Try the WGS Retro 30. It's voiced more like a V30, more top end, more bite and presence like a V30. The Veteran 30 is voiced smoother and a bit darker than the V30. I have a pair of Retro 30's paired with Celestion K-100's and it's awesome, they slay together in a 4x12. I believe the K-100's were right around $100 from Avatar Speakers man, might be worth looking into.

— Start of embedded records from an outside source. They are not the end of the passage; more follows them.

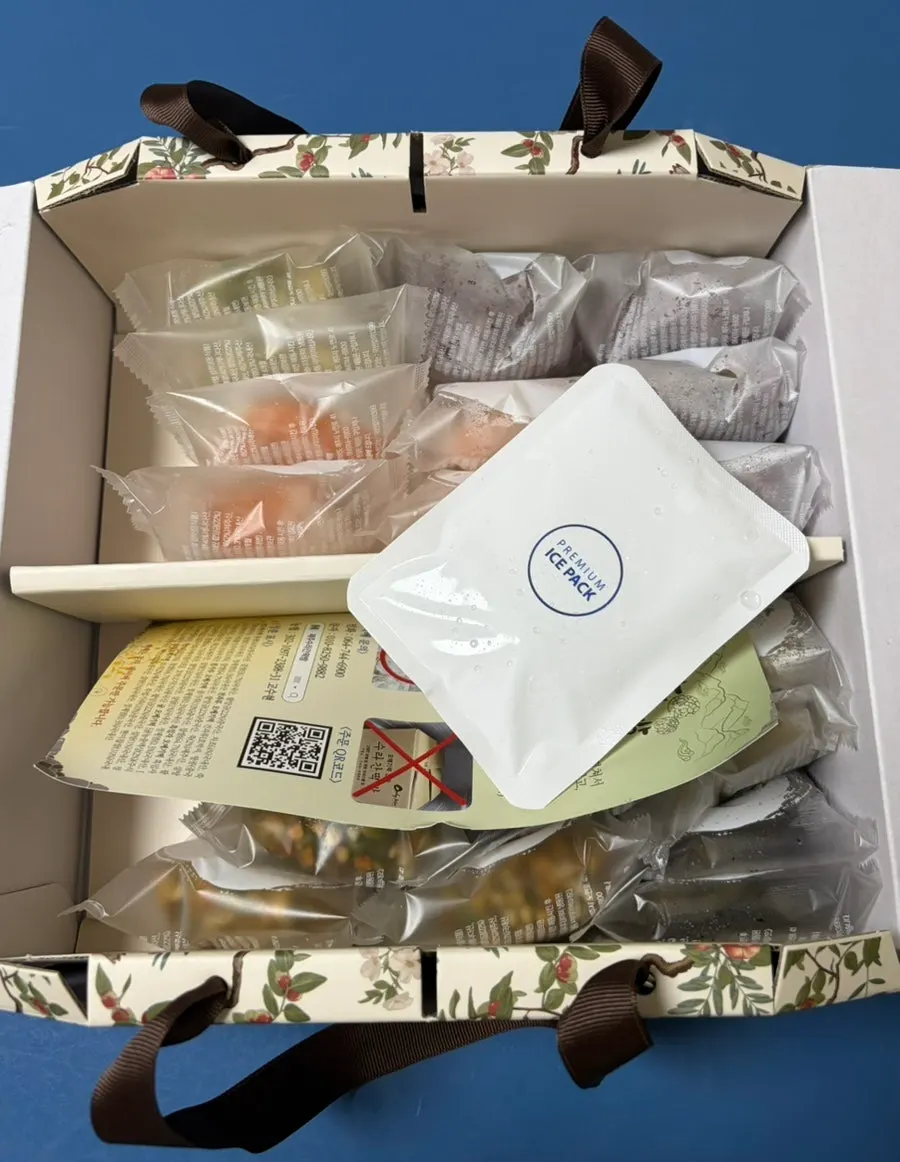 Gift-ready omegi-tteok packaging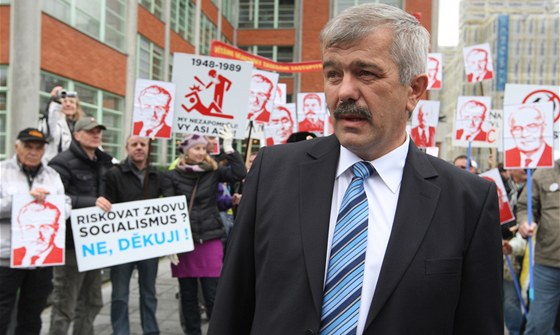 Poté, co se do krajské vlády v roce 2012 dostali i komunisté, provázely několik úvodních jednání zastupitelstva podobné protesty. Na snímku je krajský radní za KSČM Ivan Mařák.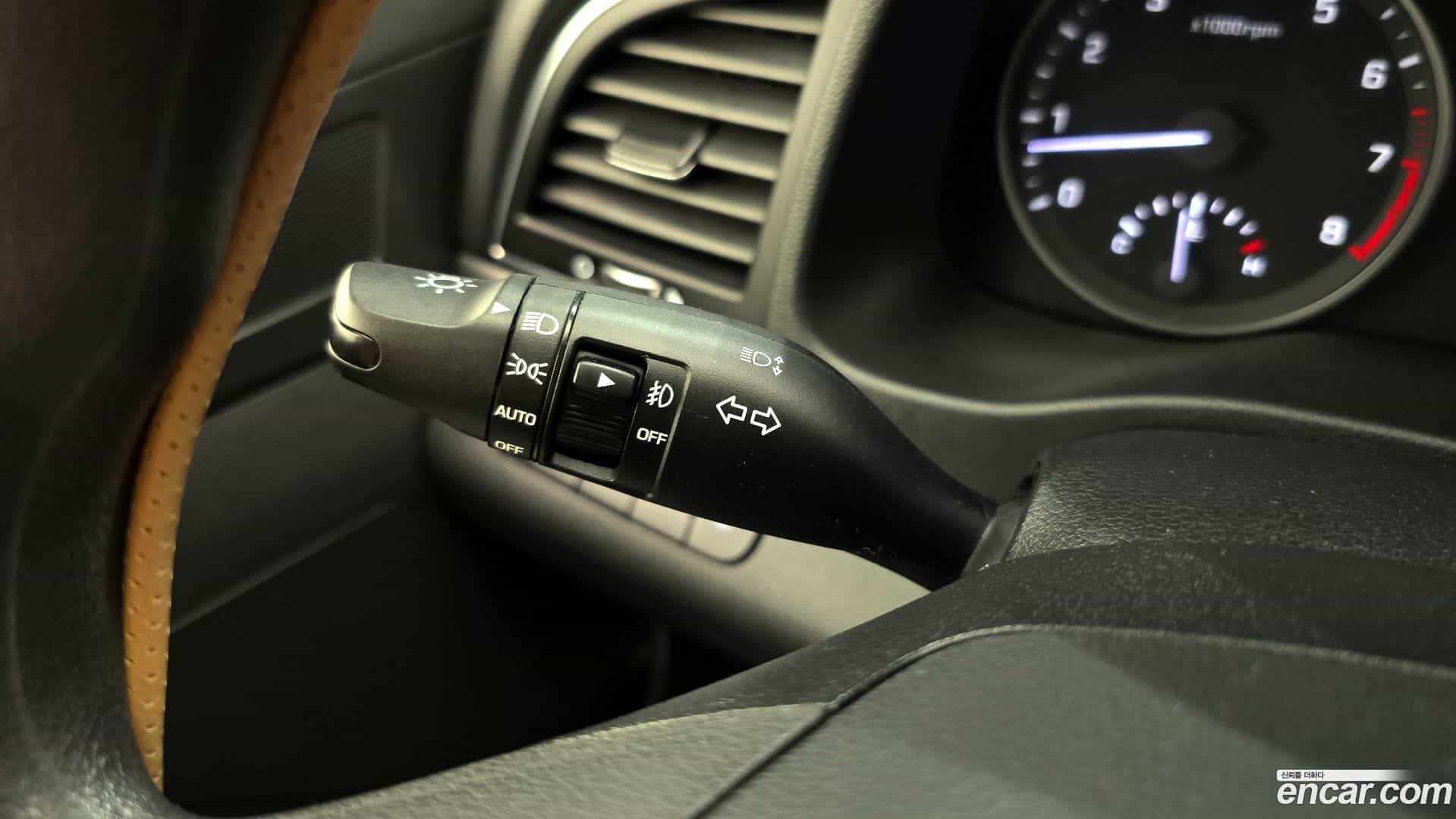 AVANTE Hyundai 2017.11-OPTION-040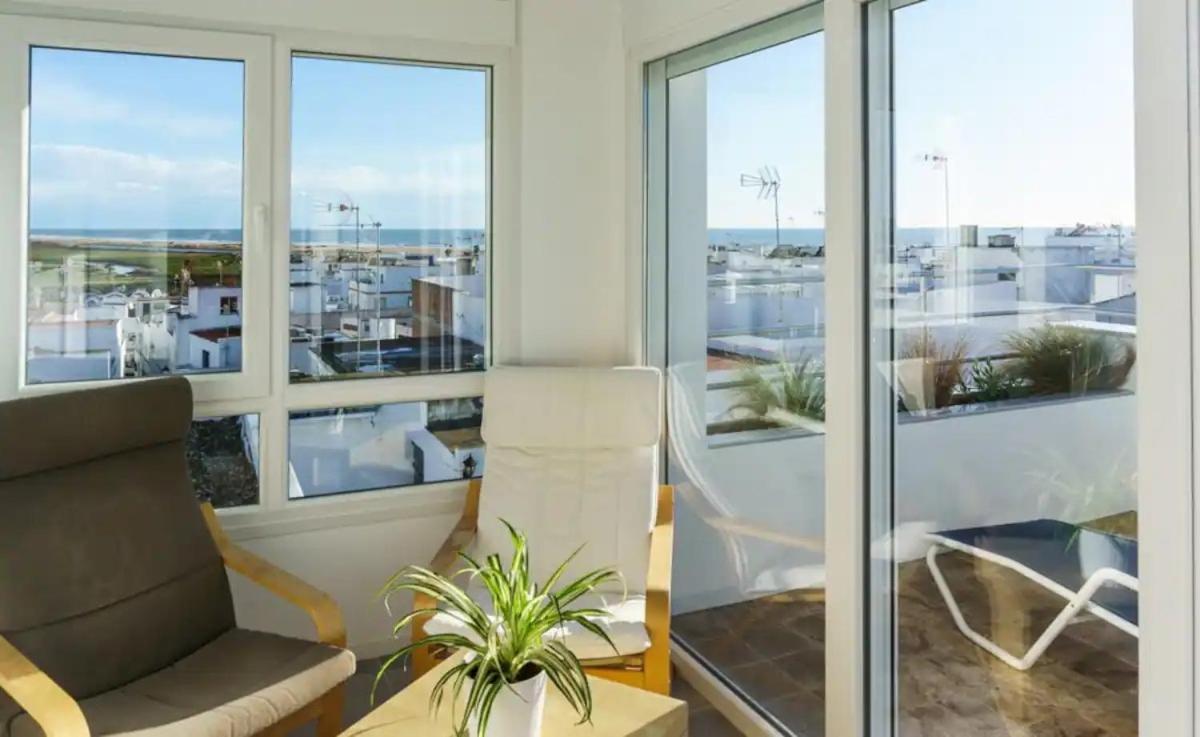Apartamento Con Terraza Vistas Al Mar. โกนิล เด ลาฟรอนเตรา ภายนอก รูปภาพ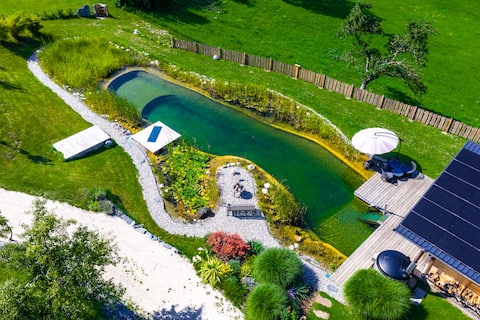 Nice Poolhouse above Klagenfurt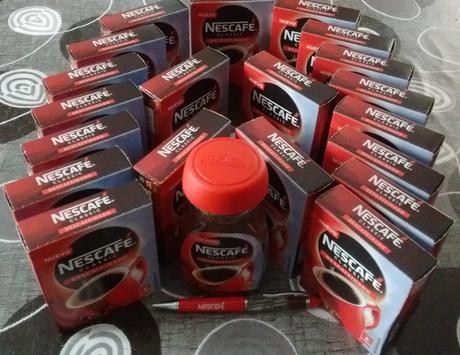 Probando Nescafé Classic descafeinado, #DEScafeinadoConAgua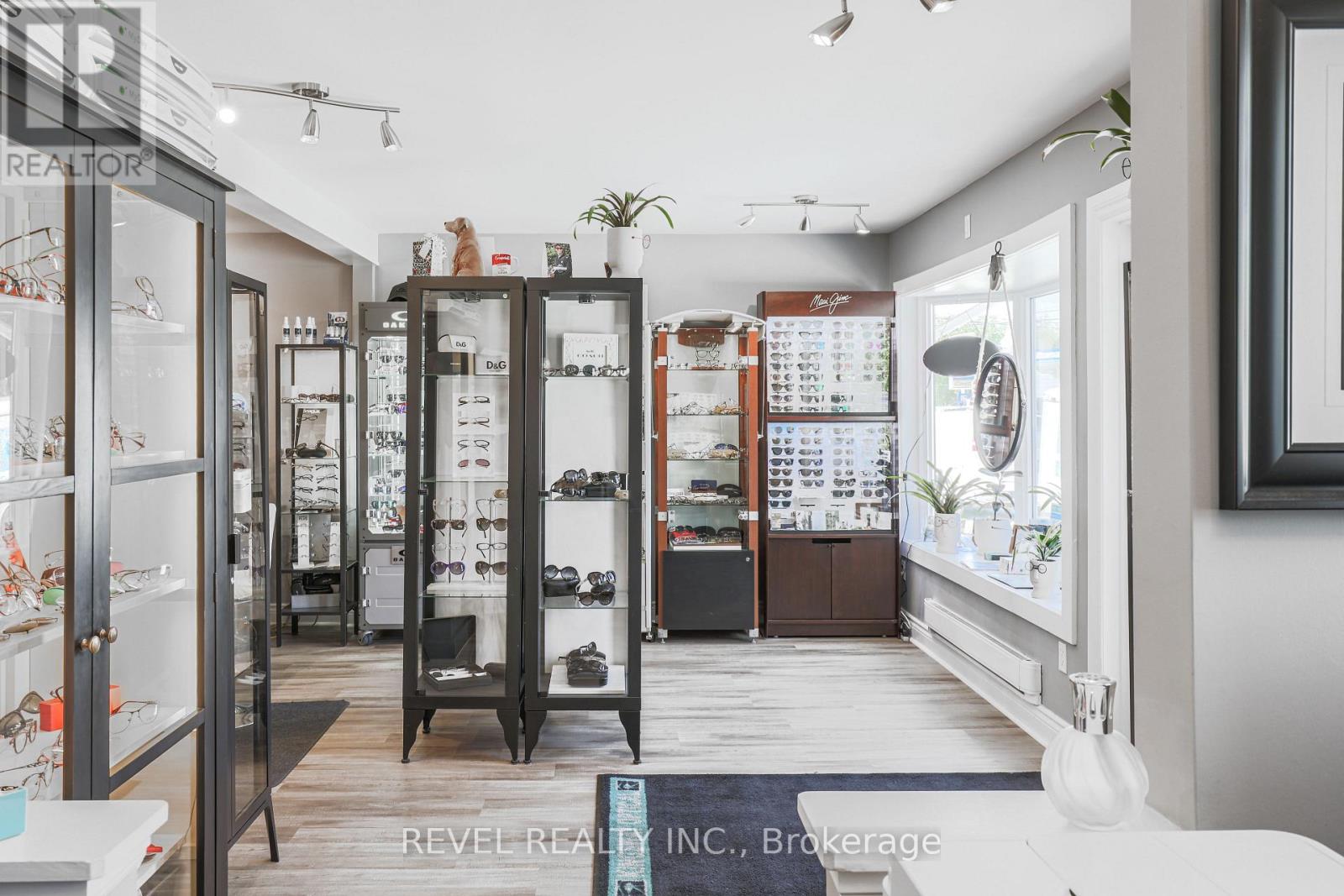 7 Kingsway Drive, Kawartha Lakes, Ontario  K0M 1A0 - Photo 16 - X12909852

The reason they (Avatar) sell them for less is they apparently buy very large amounts of speakers. They explain why their prices are so low on their site if I remember correctly, and if you call them and talk to them they'll be more than happy to help you or answer whatever questions you have. I emailed them for a price quote on the speakers I wanted and received a quick response. The speakers I received from them were in perfect condition and I've had no issues with them being played loudly.


----------



## Wrecklyss (Aug 15, 2012)

If you are wanting to spend $100 or less on a speaker, Eminence has quite a few options and they really are great speakers. It took me a while to warm up to them, but they have so many options and the prices are affordable. If you go to their web site with a question, they will answer quickly, an they have tone samples for all of their guitar speakers. Swamp Thang is awesome and i think $89. Check out their web site, i'm sure you'll find something that exceeds your expectations. 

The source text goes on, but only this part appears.